Por Achim Steiner e Ivo de Boer
No Rio Limpopo, um dos maiores do sul da África, crianças jogam um jogo de tabuleiro, literalmente, por suas vidas. Difundido em locais como Matabeleland, no Zimbábue e na Província de Gaza de Moçambique, o jogo utiliza a brincadeira para ensinar formas de reduzir a vulnerabilidade das cidades às enchentes.
No jogo, avança aquele que parar em um espaço em que há uma vila estruturada contra enchentes ou alguém advertindo sobre a locomoção para terrenos mais altos. Mas se o jogador se deparar com uma floresta dizimada ou outros fatores que aumentam a vulnerabilidade, ele deve voltar seis casas.
O jogo, parte de um projeto do Fundo Mundial para o Meio Ambiente, foi lançado depois da devastadora enchente de Limpopo, ocorrida há seis anos. Ele ressalta de uma maneira simples, mas pungente, os desafios que os países em desenvolvimento enfrentam ao se adaptarem aos efeitos das mudanças climáticas.
No início de novembro, representantes de diversos países estarão reunidos em Nairóbi, Quênia, para a próxima rodada de negociações sobre a Convenção-Quadro das Nações Unidas sobre Mudanças Climáticas e o seu Protocolo de Kyoto.
O Protocolo de Kyoto, adotado em 97, estabeleceu que os países industrializados devem reduzir, no período de 2008 a 2012, 5% do nível de emissão de gases causadores de efeito estufa medido em 1990. O documento incentivou não apenas a transição para uma economia de baixos índices de carbono, como também investimentos em opções mais responsáveis.

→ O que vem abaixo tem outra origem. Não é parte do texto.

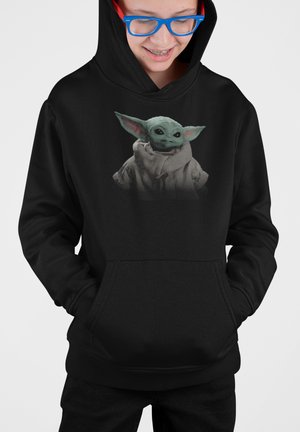 Schwarzer Kapuzenpullover mit einem Grafikmotiv eines kleinen, grünen Charakters mit großen Ohren, der einen hellgrauen Umhang trägt, mit einer Fronttasche und einer Kordelzugkapuze.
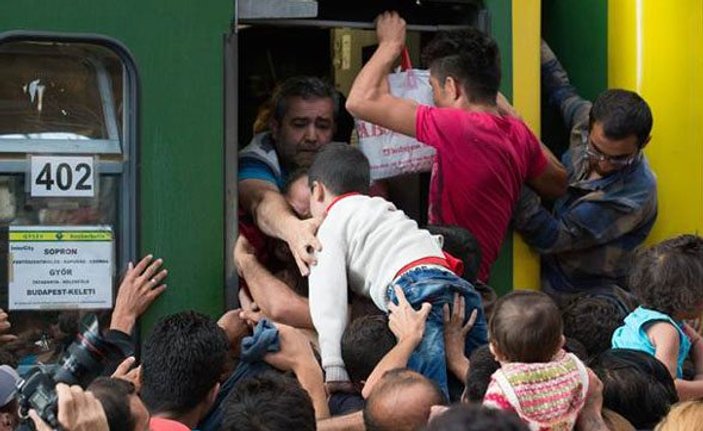 Macaristan'dan izin çıkınca mülteciler trenlere akın etti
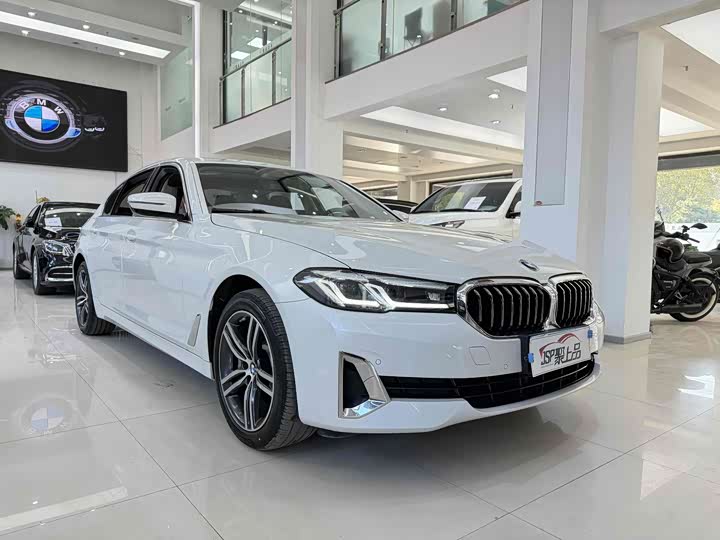 Фото 3 - BMW 5 Series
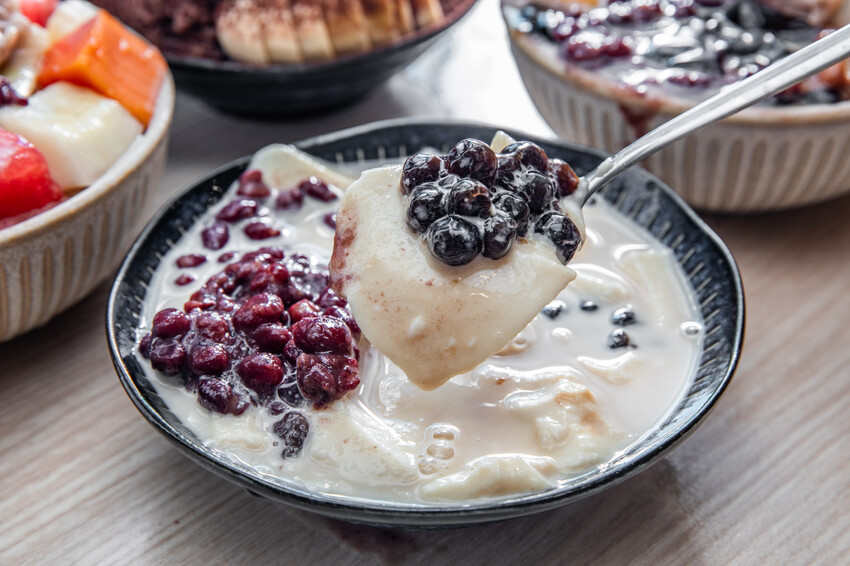 新北市蘆洲區大碗公冰.甜品蘆洲民族店｜冰品種類多到會選擇障礙！放料不手軟大碗公冰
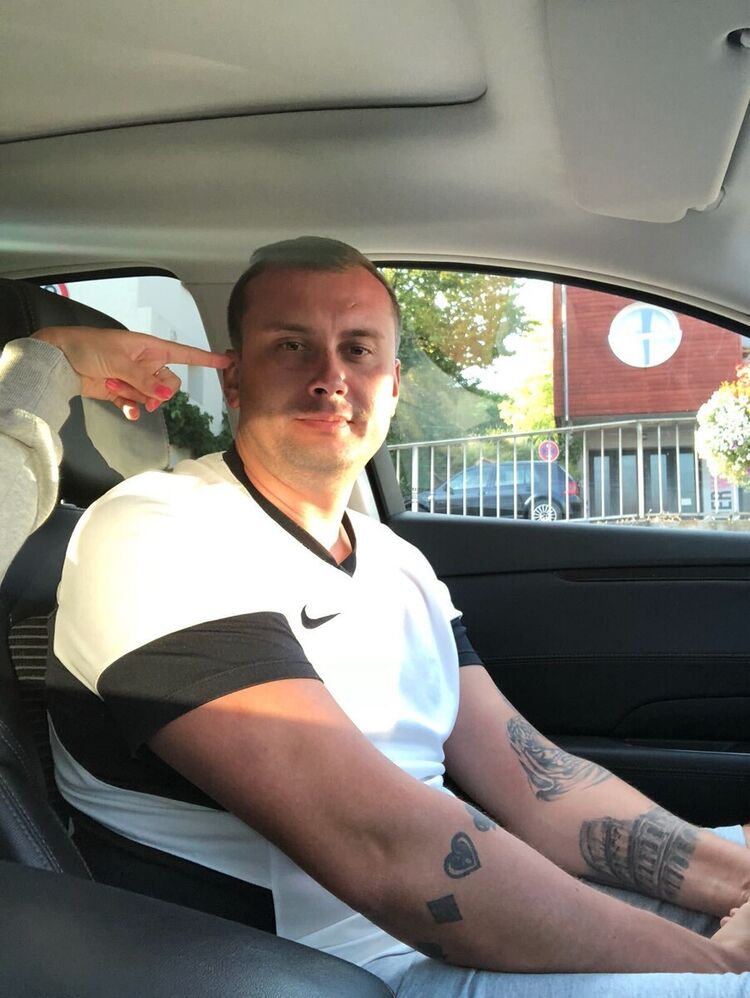  Stuttgart,   , 38 ,   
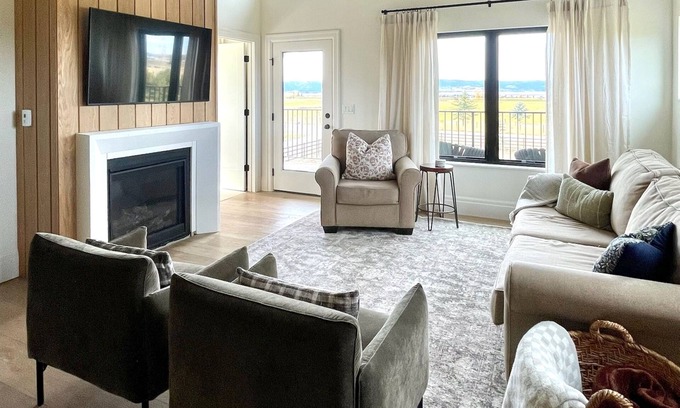 Driggs House | Targhee Barndominium ~Working Ranch ⁓Majestic Sunset views ⁓Peaceful & Scenic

Em relação aos países em desenvolvimento, o Protocolo formulou instrumentos, como por exemplo, o Mecanismo de Desenvolvimento Limpo (MDL). Ele permite a esses países compensarem emissões de carbono por meio de projetos florestais e de energias renováveis.
O grupo de países industrializados deve percorrer um longo caminho para cumprir as metas firmadas em Kyoto. É evidente que, no longo prazo, cortes de emissões mais intensos serão necessários, pois a poluição produzida por esse grupo já é suficiente para provocar alterações climáticas. Por esse motivo, ajudar os países em desenvolvimento a se adaptarem às possíveis mudanças é um dever de toda a comunidade internacional.
Os países menos desenvolvidos possuem ou estão preparando Programas Nacionais de Adaptação (PNAs), de acordo com a Convenção-Quadro das Nações Unidas sobre Mudanças Climáticas. Um exemplo é Malawi, onde quase toda a vida existente necessitará de alguma medida de ‘proteção contra o clima’ dentro de alguns anos. Nesse país, secas e inundações aumentaram significativamente em freqüência e magnitude ao longo das últimas décadas.
Na década de 90, uma seca ameaçou diversas espécies de peixe do Lago Chilwa e, há seis anos, inundações destruíram diversas lagoas. O PNA de Malawi promove a recuperação das linhagens de peixes afetadas e um melhor entendimento sobre como mudanças podem prejudicar a reprodução de espécies fundamentais. O Programa também promove o reflorestamento de represas do Rio Shire, responsável pela produção da maior parte da eletricidade do país.
As mudanças têm se consolidado graças a investimentos em MDL e a doações para um fundo especial, que financia a implementação de atividades do PNA. Entretanto, essas fontes devem ser aumentadas para que haja resultados significativos nos países mais pobres do mundo.
Cientistas estimam que será necessário um corte de 60% a 80% na emissão de gases causadores do efeito estufa para estabilizar a atmosfera. Devemos permanecer firmes nesse objetivo. Do contrário, todos, tanto ricos como pobres, teremos cada vez mais pressão para nos adaptarmos e menos locais para nos refugiarmos. Teremos que jogar nossas próprias versões do jogo do Rio Limpopo e, como as crianças de seu leito, estaremos jogando por nossas próprias vidas.
Achim Steiner é Sub-Secretário-Geral das Nações Unidas e Diretor Executivo do Programa das Nações Unidas para o Meio Ambiente; Yvo de Boer é Secretário Executivo da Convenção-Quadro das Nações Unidas sobre Mudança Climática (UNFCCC).